**Try it**
Write out the records below from the first line through the line containing "Hi friends, today", leaving out any pictures.

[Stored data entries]
Start of Block

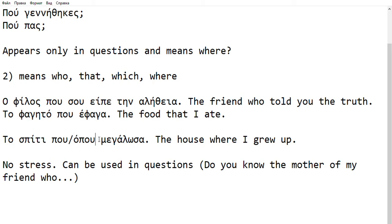A practical way to think about this: forget that it is two different words from a dictionary perspective. It's really one sound with a variety of meanings. It can be used as 'where' in the sense of 'where are you, where are you going,' etc. Or in the sense of 'who' or 'that,' or even 'where' when giving additional information. For example, 'the house where I grew up' — which house? The one where I grew up. Or 'the friend who I met yesterday' — 'ο φίλος που γνώρισα χθες.' And that's it.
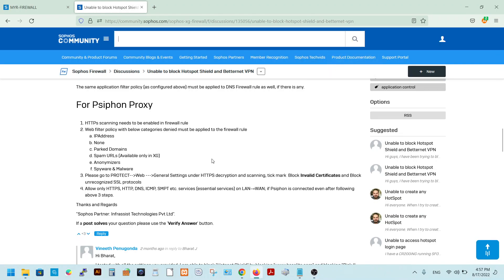Hi friends, today in this video I will show you how to block VPNs like Hotspot Shield, Betternet, and other free VPNs. These VPNs are mainly used to bypass blocked networks and to watch free movies or any other websites blocked by our ISP. This is a big problem, especially if you are using an enterprise network.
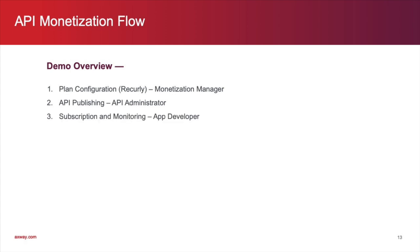Next, we'll take on the persona of the app developer. We'll show how they subscribe to a plan and monitor their API usage. And finally, we'll talk about reporting as the monetization manager.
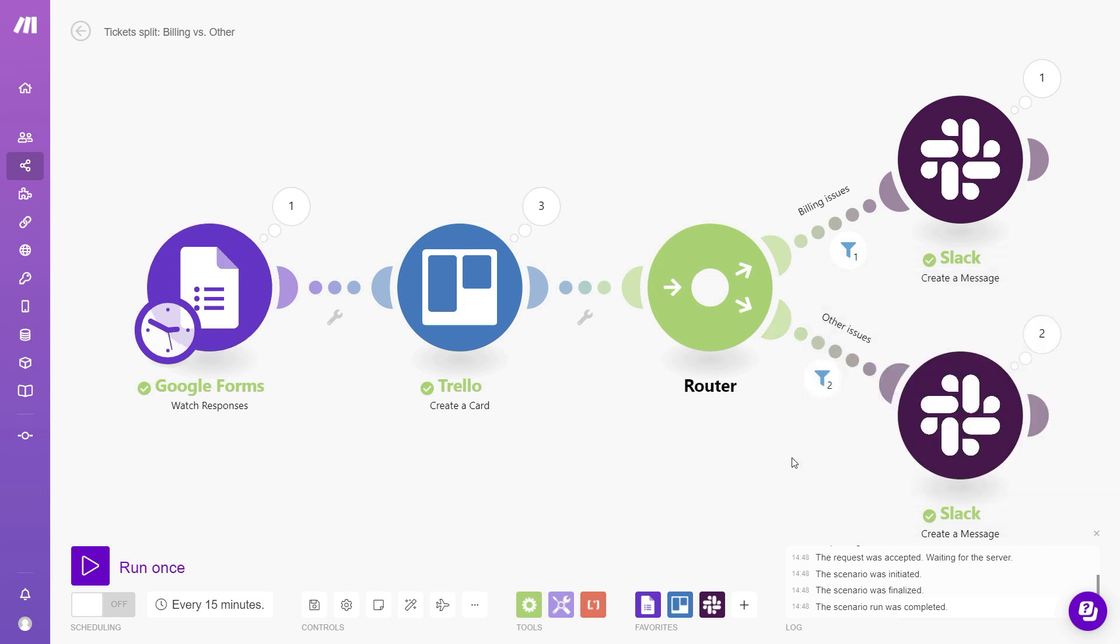So we've covered the basics of building different branches in your workflow and then using filters to make sure that the data goes to the right places. I hope this was helpful and I'll see you in another video.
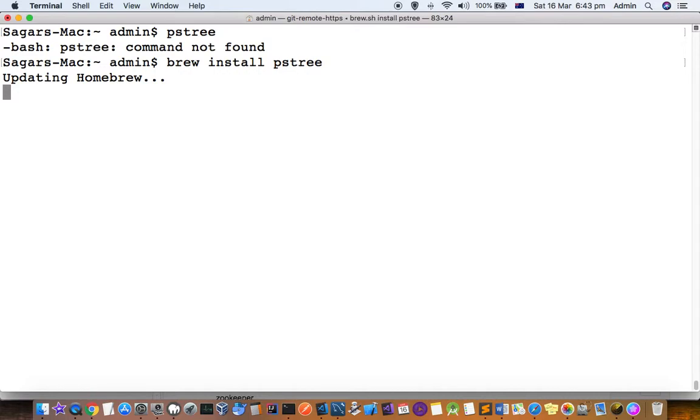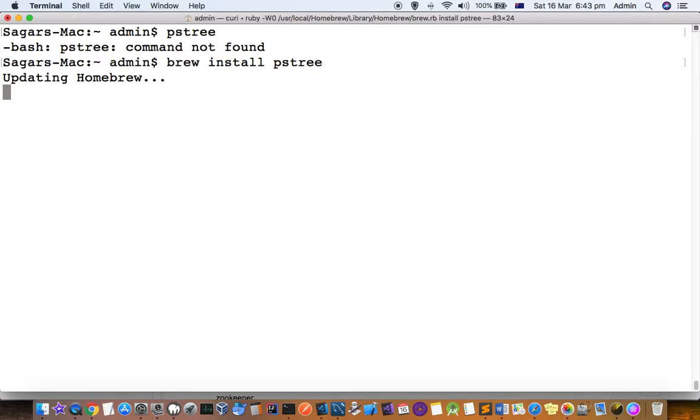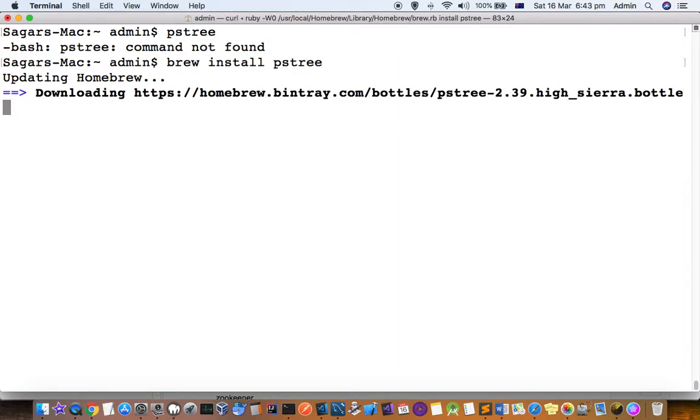Just like how we have the tree command to show the directory structure in tree format, we have this ps3 command to show the processes in tree format. So let us install that, and then after installation I'll execute that command to see how it works.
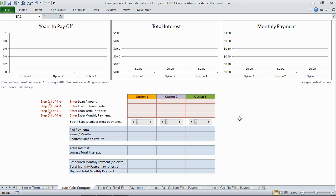Hey guys, this is George. I'm going to go over George's Excel loan calculator. This is a Microsoft Excel template that provides mortgage-related calculations.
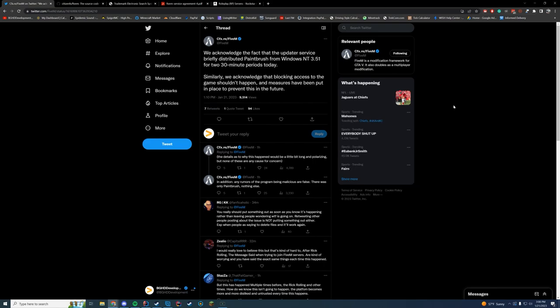Now, FiveM is not a legal company. They're not required to do this. I get it. But at the same time, there needs to be some accountability somewhere, because clearly, if this happens every couple of months because someone gets upset, there is no control over what could happen in the future. That is my problem with it. And I just wanted to get that out there.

End of Block

**Task response**
A practical way to think about this: forget that it is two different words from a dictionary perspective. It's really one sound with a variety of meanings. It can be used as 'where' in the sense of 'where are you, where are you going,' etc. Or in the sense of 'who' or 'that,' or even 'where' when giving additional information. For example, 'the house where I grew up' — which house? The one where I grew up. Or 'the friend who I met yesterday' — 'ο φίλος που γνώρισα χθες.' And that's it.
Hi friends, today in this video I will show you how to block VPNs like Hotspot Shield, Betternet, and other free VPNs. These VPNs are mainly used to bypass blocked networks and to watch free movies or any other websites blocked by our ISP. This is a big problem, especially if you are using an enterprise network.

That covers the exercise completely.